Я думаю, что выразившееся в этом ответе авторское недоумение хотя бы отчасти выгодно отличает поэму Блока от однозначной идеологической позиции, артикулированной в ту же пору Андреем Белым, Ивановым-Разумником и т.п. “Россия, Россия, Россия — / Мессия грядущего дня!” —
поток подобных возгласов не предполагает никаких недоумений, тут нет вопросов, как нет их в есенинской “Инонии”. Конечно, образность “Двенадцати” сильно окрашена в цвета того же круга идей: скажем, за старообрядческой формой “Исус” — явственное противопоставление скитского “сжигающего Христа” народных ересей церковному “Иисусу”. И все же Блок не становится, так сказать, на амвон для лжелитургических возглашений; у него другая осанка, он смотрит, он вглядывается в то, что ему “привиделось”.Перед нами вопрос, на который Блок не ответил. Читатель может, если захочет, попробовать дать свой ответ. Амплитуда возможных ответов довольно широка. Нужно только учитывать две ее границы — с одной и с другой стороны.
Во-1-х, нет ни малейшей возможности не учитывать антихристианской константы блоковского творчества, с такой силой выраженной, скажем, в стихотворении “Не спят, не помнят, не торгуют...”.
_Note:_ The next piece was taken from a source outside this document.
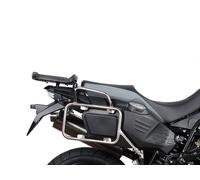 SHAD W0FG68ST Trunk Mount for BMW F800Gs, Black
Как само собой разумеется в кругу его культуры, константа эта была более или менее ницшеанской. Кстати, должен сознаться, что загадочная строчка про “белый венчик из роз” у меня лично вызывает ассоциации с “венцом смеющегося, этим венцом из роз”, возникающим под самый конец раздела “О высшем человеке” в IV части “Так говорил Заратустра”. А что, разве в этом плясовом ритме дионисийских 4-стопных хореев — “И за вьюгой невидим, / И от пули невредим...” — нет смеха, скажем, того долгого смеха, которым заливается вьюга? (Недаром хореи свое имя получили от пляса.) Как известно, живописец Петров-Водкин говорил Д.Е. Максимову: “Я предпочел бы, чтобы там был просто Христос, без всяких белых венчиков” (Блоковский сборник II, Тарту, 1972, с. 121, прим. 98). Не он один предпочел бы так. Но Блок записывал в дневнике 20 февраля 1918 года: “Страшная мысль этих дней [...] именно он идет с ними, а надо, чтобы шел Другой”. И кто же не помнит из Блока про “колокол антигуманизма” или его удовлетворение, вызванное гибелью “Титаника”, наконец-то удостоверившей, что океан еще существует? Вне такого страстного отношения к катастрофическому началу как единственному способу, которым стихия может напомнить о себе, “Двенадцать” вообще непонятны. Но матросня, при всех своих ужасных свойствах предвещающая все-таки скорее Кронштадт, чем советскую диктатуру, — именно “стихия”, именно “колокол антигуманизма”.